RW MH with s = .1, 1:

Convergence

  • Want to quickly reduce influence of our initial state \(\theta_1\)

  • Reduce auto-correlation and move around \(\Theta\) efficiently

  • Mixing: time until multiple chains with different initial states look identical (e.g., all have converged to the stationary distribution)?

  • Burn in: early iterations that are discarded because of obvious dependence on \(\theta_1\)

Problems with RW-MH

  • Need to balance size of jumps (controlled by s) and achieving a good acceptance rate (average probability of moving to \(\theta^\star\))

  • Difficult to accept 'long distance' proposals if \(\Theta\) is high dimensional
  • Good to use a proposal that adapts to the local features of \(\pi\) in these settings using, e.g, Hamiltonian Monte Carlo

Reparameterisations/Transformations?

  • McMC is not an intrinsic method

  • Target \(\pi(\theta)\), in many cases \(\theta\) is only a label for another object (probability distribution)

  • We can work with any \(\eta=T(\theta)\) and obtain samples from \(\eta\) to then "go back" to \(\theta=T^{-1}(\eta)\)

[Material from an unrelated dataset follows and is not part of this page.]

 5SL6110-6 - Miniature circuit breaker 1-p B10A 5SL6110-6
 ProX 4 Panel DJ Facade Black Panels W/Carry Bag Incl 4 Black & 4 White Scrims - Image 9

  • McMC by itself is invariant to reparametrisation but practical efficiency (convergence, proposal choice) might depend on parametrisation (e.g.centering in hierarchical model)

  • reparametrization is part of the "repertoire" of McMC in Stats

Geometry

  • If \(\theta\) labels other objects then samples from \(\theta\) are samples from those objects not samples of numbers

  • Step behaviour should not be measured only by length and direction in terms of \(\theta\)

  • Beneficial to measure step behaviour via some Geometry of the objects

  • HMC is example in this direction

  • Clever reparametrisations is another option. Geometry might suggests good parametrizations (e.g. geodesics)

  • Example: Distance between N(0,1) and N(1,1) is larger than that between N(0,2) and N(1,2) (Hyperbolic Geometry)